To celebrate St.Valentim’s Day we bring the most romantic side of architecture. The icon of the romantic style is the Neuschwanstein Castel, a building that you must certainly visit with your loved one!
The Neuschwanstein Castel, in German Schloss Neuschwanstein, is a palace built in the second half of the 19th century, in Germany. Situated close to the cities of Hohenschwangau (the city that gave the castle its first name, called Neuschwanstein after the king’s death) and Füssen, it is very close to the border with Austria. Built by King Louis II of Bavaria, it is inspired by the work of the composer Richard Wagner, a great friend and protégé of the king. The name of the castle is a reference to Lohengrin’s “Swan Knight” (from the opera with the same name).
The castle’s architecture has made it one of the most photographed buildings in Germany and one of the most popular tourist destinations in Europe. In 1977, Neuschwanstein Castle became an architectural landmark in West Germany and, in 2012, it appeared on the € 2 commemorative coin for the German Bundesländer series.
The building’s first stone was laid on September 5, 1869. The palace was designed by Christian Jank, designer of theatrical settings.
The architectural part was designed by the architect of the Court of Munich, Eduard Riedel and later Georg Dollman and Leo Von Klenze. This castle was equipped with the most modern technology of the time, such as steam and electric devices, ventilation and heating pipes.
Neuschwanstein Castel consists of a gatehouse, a pergola, the knights’ house, a square tower, the main building, a citadel and three towers on the far west. The king’s interest and enthusiasm for this enterprise are evident in every detail of the castle, from design to decoration. The interior rooms of the main building contain the throne room, the suite of Louis II, the Hall of the singers and a cave that once had a waterfall inside. In many places, we can find tributes to several German legends that were addressed in the operas of Richard Wanger.

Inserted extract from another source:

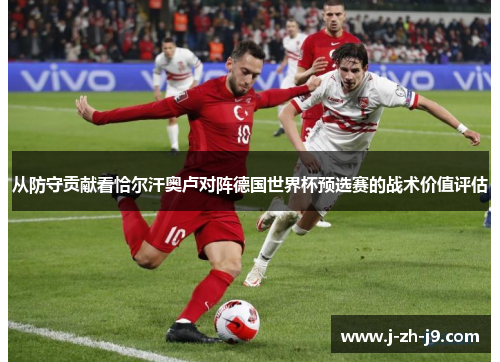 从防守贡献看恰尔汗奥卢对阵德国世界杯预选赛的战术价值评估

However, despite the king’s efforts many of the castle’s rooms remain undecorated, only fourteen divisions were completed before Louis II’s death. Another unfinished structure, a Tower that would be placed in the middle of the upper courtyard and that after his death was not built, as decided by his family.
The throne room was also unfinished and without a throne. The castle also has an oratory, which can be accessed from the dressing room of the master suite, a fully equipped kitchen with hot and cold running water and a heated closet, accommodation for the servants, an office and a dining room.
Source of Inspiration
Neuschwanstein Castel was originally designed in the neo-Gothic style, however, it was built following the lines of the romantic style. This is a true fairytale castle that inspired and was the setting for many films and series. Sleeping Beauty and Cinderella Castle at Disneyland were inspired by Neuschwanstein Castle and today are a symbol of Walt Disney.
The Castle has been open to the public since 1886, having opened a few weeks after the death of Louis II. It currently receives around ten thousand visitors a day, in the high season, reaching more than one million and four hundred thousand visits per year.
The Pena Palace, in Sintra (Portugal), is contemporary with this castle and is often referred to as the “Portuguese Neuschwanstein”.